> _Task details_
Give again, exactly and only, the lines running from the one with "First Aid Beauty" to the end of the material below; leave out pictures.

> _Records provided_
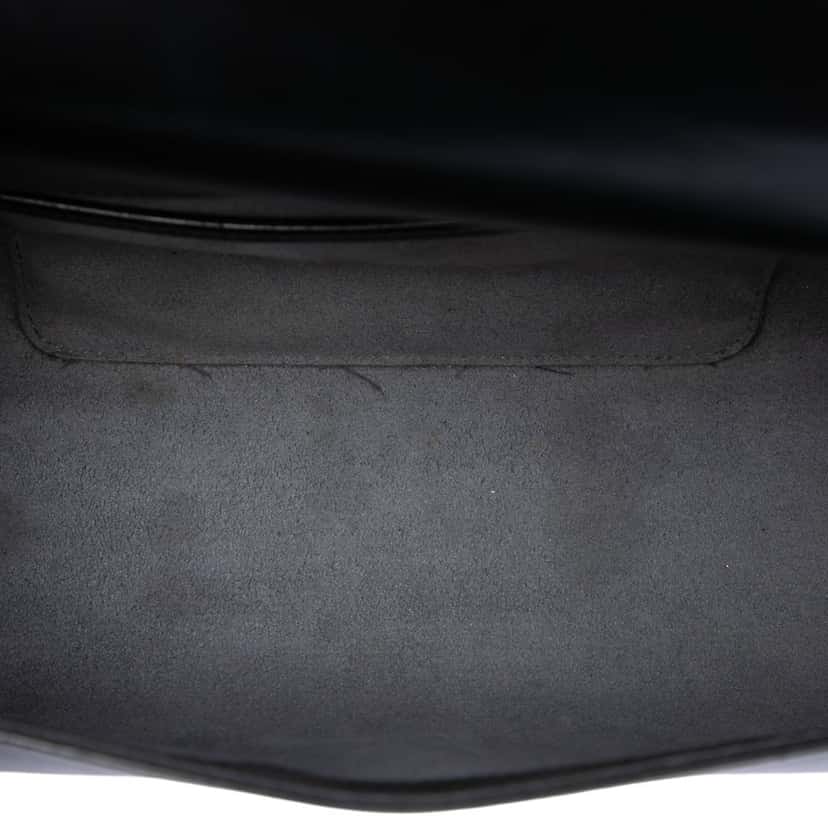 Louis Vuitton Epi Nocturne PM Black Leather Very good condition - Model View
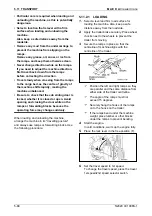 Предварительный просмотр 204 страницы Maeda CC1908S-1 Operation Manual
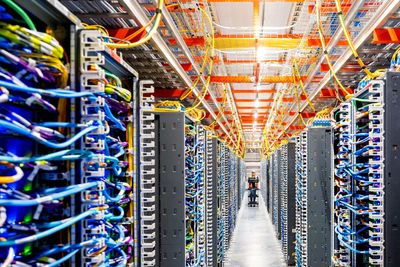Big Tech earnings a test of the AI boom amid market turmoil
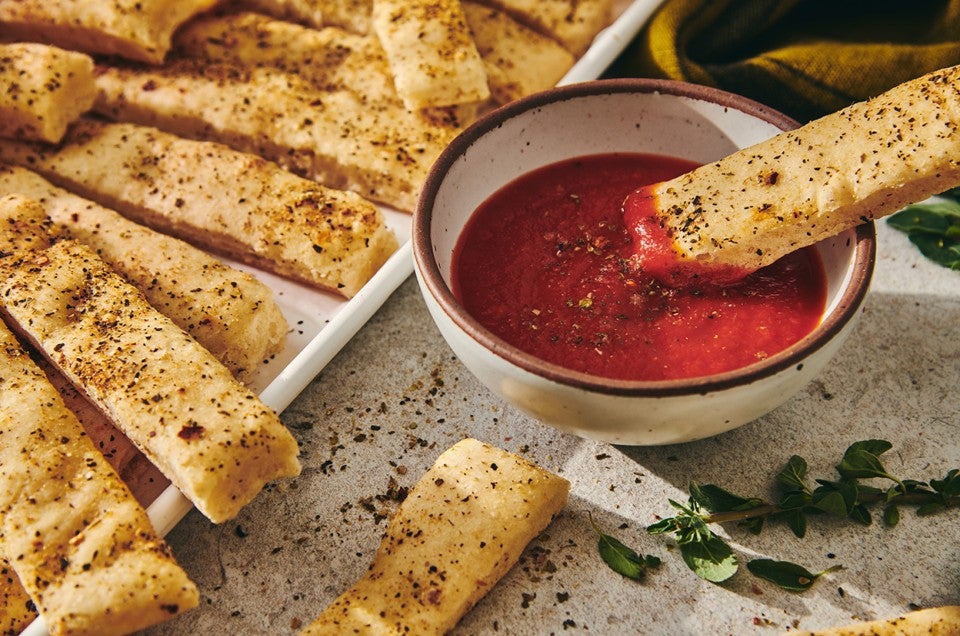 Soft Breadsticks  - select to zoom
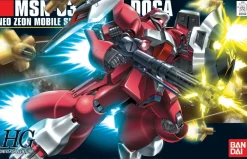 Rise of Gunpla Gundam: Char'S Counterattack|High Grade (Hg)^HGUC 1/144 MSN-03 JAGD DOGA QUESS EA USE
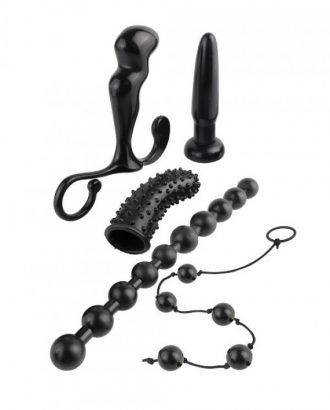 kit estimulador anal para principiantes pipedream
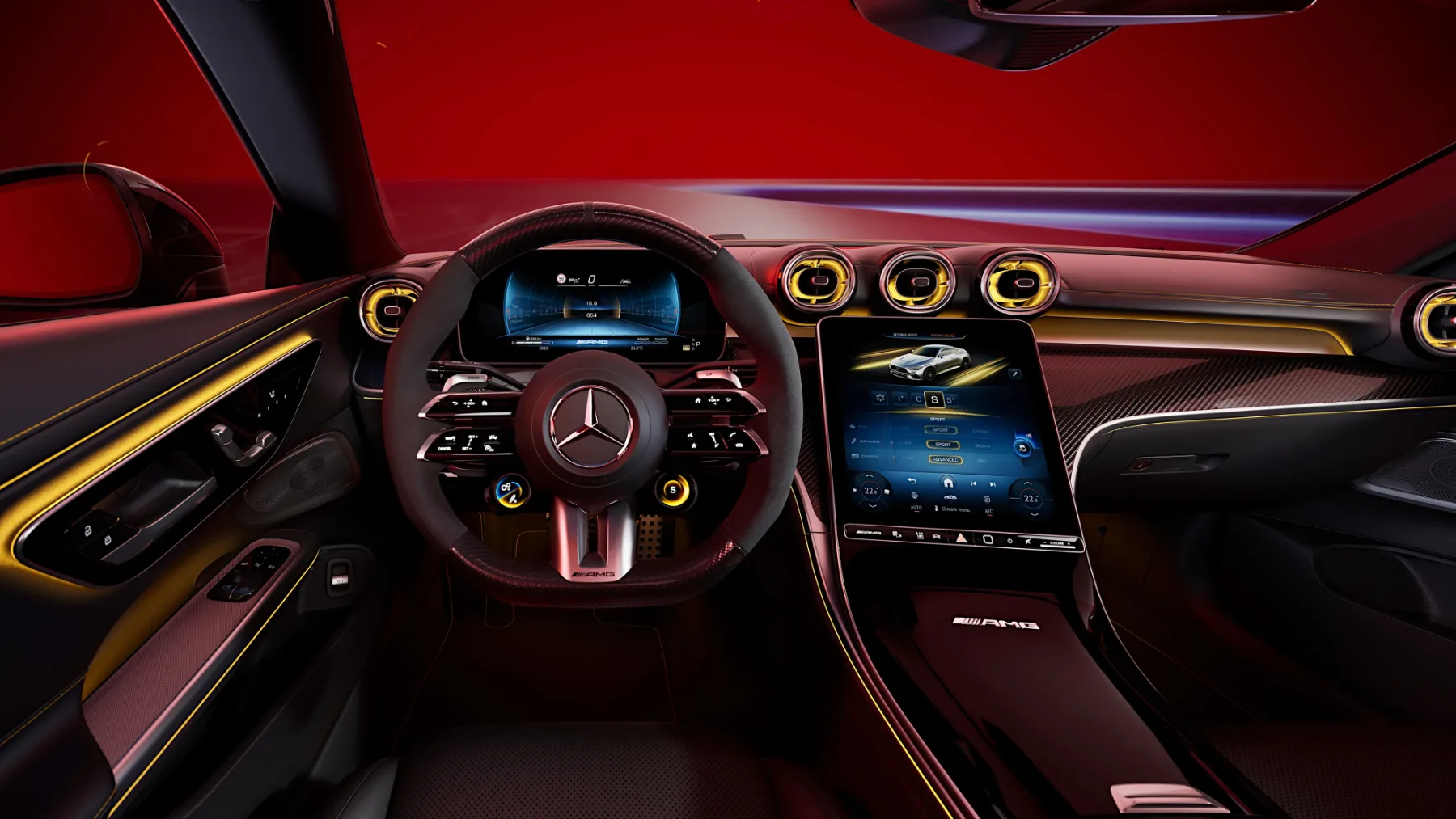 Mercedes-AMG CLE 53 Manufaktur Edition (2026): vrhunec luksuza, kjer se zmogljivost sreča z ekskluzivnostjo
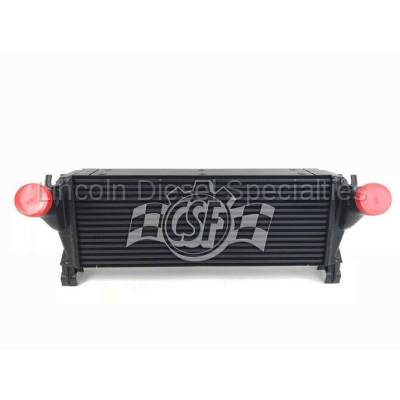 CSF - CSF Direct Fit OEM Replacement Intercooler CUMMINS 6.7L (2013-2018)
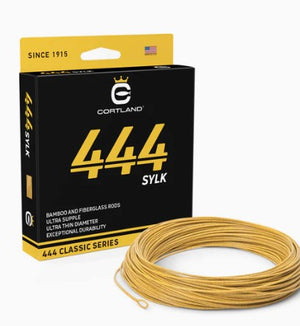 Cortland 444 Sylk - Double Taper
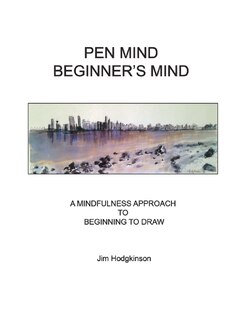 Front cover_Pen Mind, Beginner's Mind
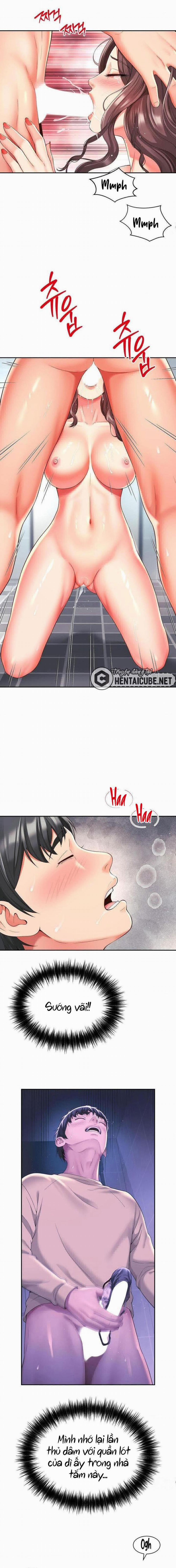 Mẹ Bạn Là Của Tôi 25 trang 12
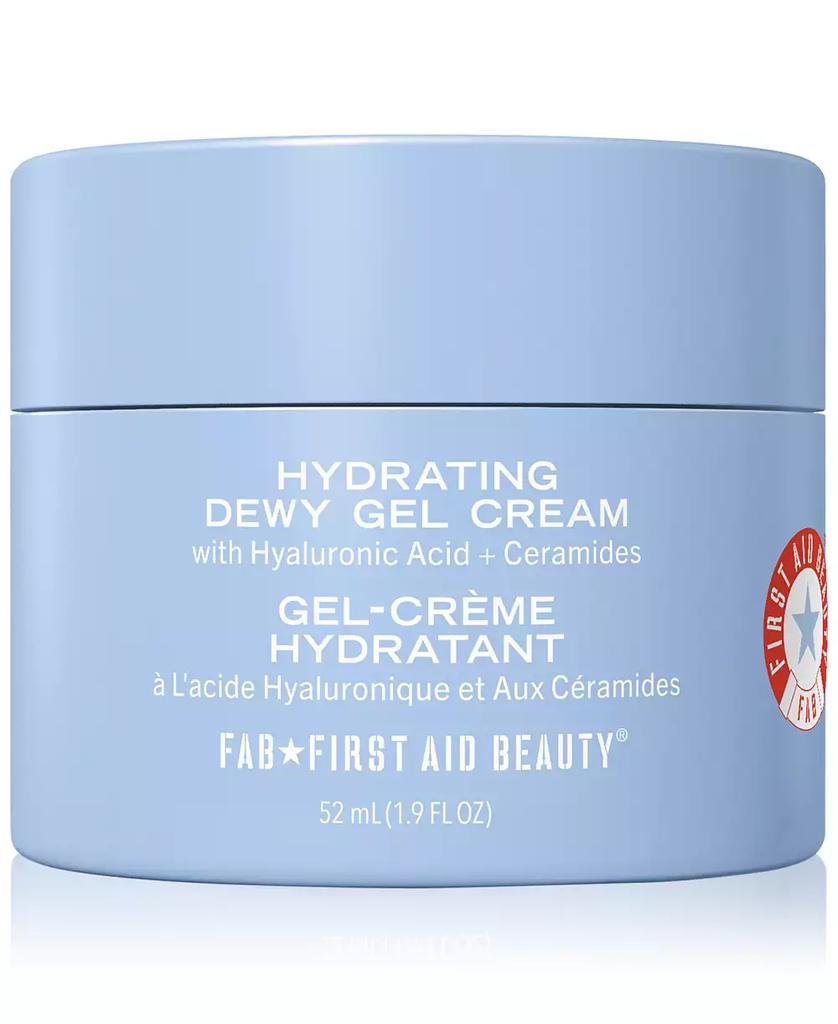 First Aid Beauty Hydrating Dewy Gel Cream, 1.9 oz.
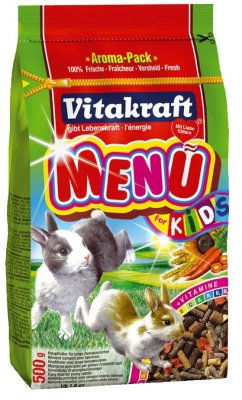 500  VITAKRAFT 500      MENU KIDS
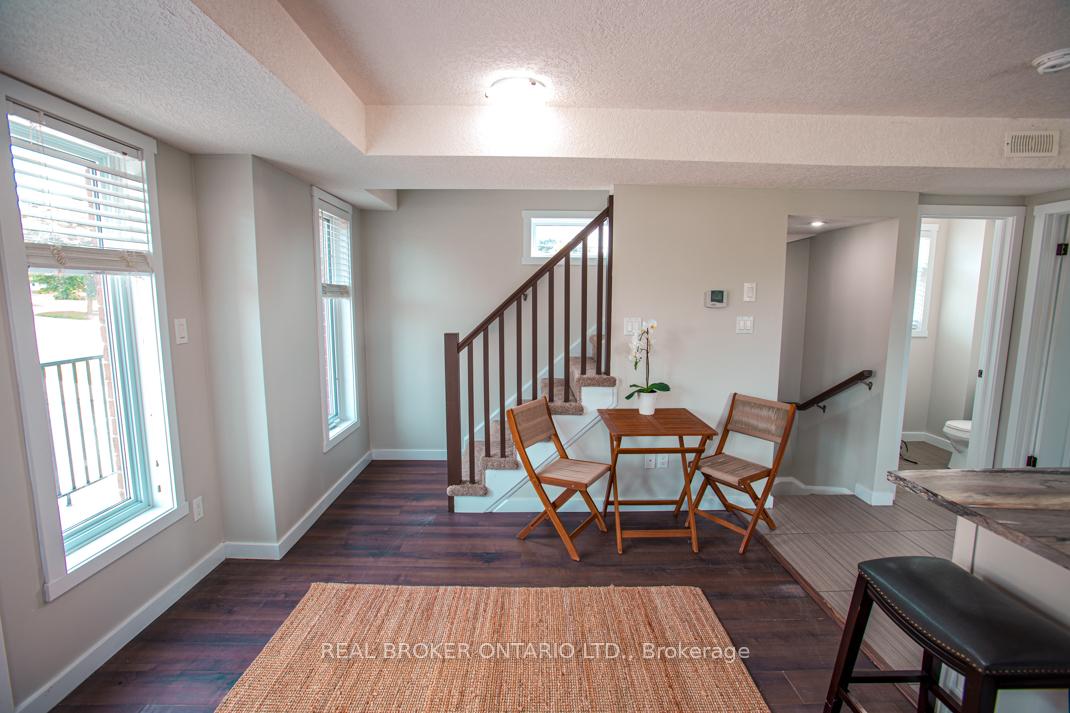 Photo 6 of Unit B, 489 East Avenue, Kitchener, King East — HOMEH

> _Exercise solution_
 First Aid Beauty Hydrating Dewy Gel Cream, 1.9 oz.
 500  VITAKRAFT 500      MENU KIDS
 Photo 6 of Unit B, 489 East Avenue, Kitchener, King East — HOMEH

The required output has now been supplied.